More over if one wants to penalize the size constraint (for example when the extent of the planes are known), he/she could as well write: $$ \lVert \mathbf{d} \rVert < \tau_{d} $$ where $\tau_{d}$ is a threshold on the 3D extent of the planes. As I already mentioned, these are ideal cases. In real life, e.g. for the data coming from RGBD sensors, this is never the case. So it is better to introduce a noise threshold, where certain tolerance is maintained for the sake of robustness. Then :

$$ \pi \mathbin{/} 2-\epsilon_n < \angle(\mathbf{n}_1, \mathbf{n}_2) < \pi \mathbin{/} 2+\epsilon_n \\ \lvert \angle(\mathbf{n}_1, \mathbf{d}) \rvert < \pi \mathbin{/} 2 + \epsilon_d\\ \lvert \angle(\mathbf{n}_2, \mathbf{d}) \rvert < \pi \mathbin{/} 2 + \epsilon_d $$ where $\epsilon_d$ and $\epsilon_n$ trades-off noise tolerance to accuracy.

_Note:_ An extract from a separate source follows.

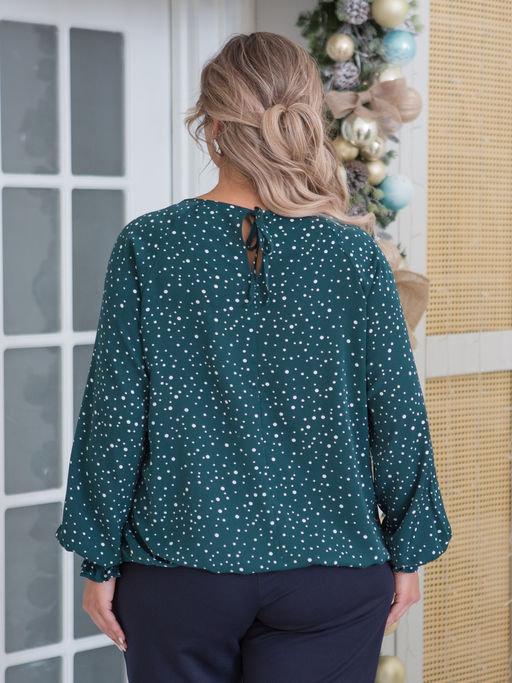 Блузка 1464 зеленый в горошек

Note that, to guarantee the angles to be lying in range $[-\pi, \pi]$, and to be robust to small angles, the formula from Birdal and Ilic 2015 [1] can be used:

$$ \angle(\mathbf{v_1},\mathbf{v_2}) = \tan^{-1}\big( \frac{ \Vert \mathbf{v_1} \times \mathbf{v_2} \rVert}{\mathbf{v_1} \cdot \mathbf{v_2}}\big) $$

From this points, one could always write a RANSAC loop, where random point pairs are tested for the satisfaction of these constraints. However, a better idea (which would make this more efficient and possibly robust) is to employ a somewhat generalized Hough voting procedure, again similar to 1 or [2].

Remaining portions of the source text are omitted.